「……お前の、兄貴と弟は……実はきょ、兄弟関係はないんだ…」
「…な、何言ってるんですか……? 兄さんと香輝が兄弟関係じゃなきゃ、どんな関係なんですかっ!?」
信じられる訳ないじゃない!! こんなの絶対にあり得ないもの!
兄さんと香輝は、血の繋がった兄弟だわ!! …じゃなきゃ、香輝に跡を継がせるなんて兄さんが言うはずないじゃない!

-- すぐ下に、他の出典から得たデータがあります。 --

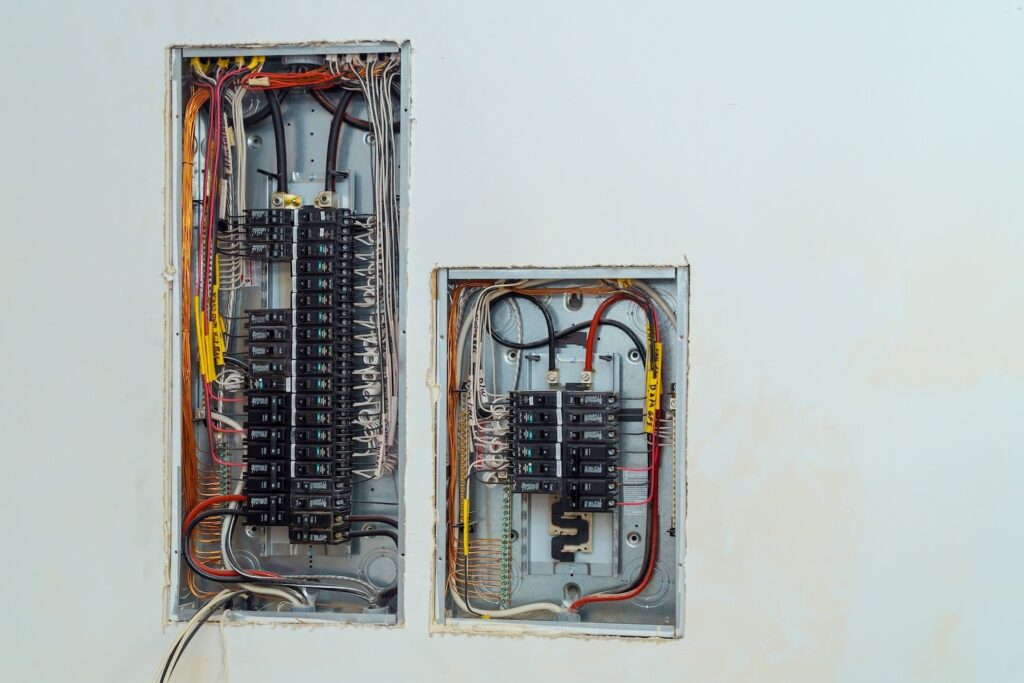 electrical panel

「…………兄弟関係じゃない…。…二人は、親子関係…だ……」
………………。
涙が溢れる事はなかった…だけど、悲しい気持ちが溢れた。
兄さんと香輝が……? な、なら…母親は…当然、香輝のお母さんだから…。
「兄貴と弟の母親は、戸籍上は義理の親子だ。だけど、年の差で言えば10歳も離れてなかったみたいだ」
…混乱する頭に、先輩の新しい情報が入ってくる。
聞きたくないって思ってても、耳に入ってくる声を塞ぐ事が出来ない。…だって、先輩が私を強く抱きしめるんだもの…。
「父親はたぶん、知らないまま死んだんだと思う」
「兄さんと香輝が…、親子関係……?」
未だに信じられない。兄さんが、香輝を溺愛してた事は知ってた…。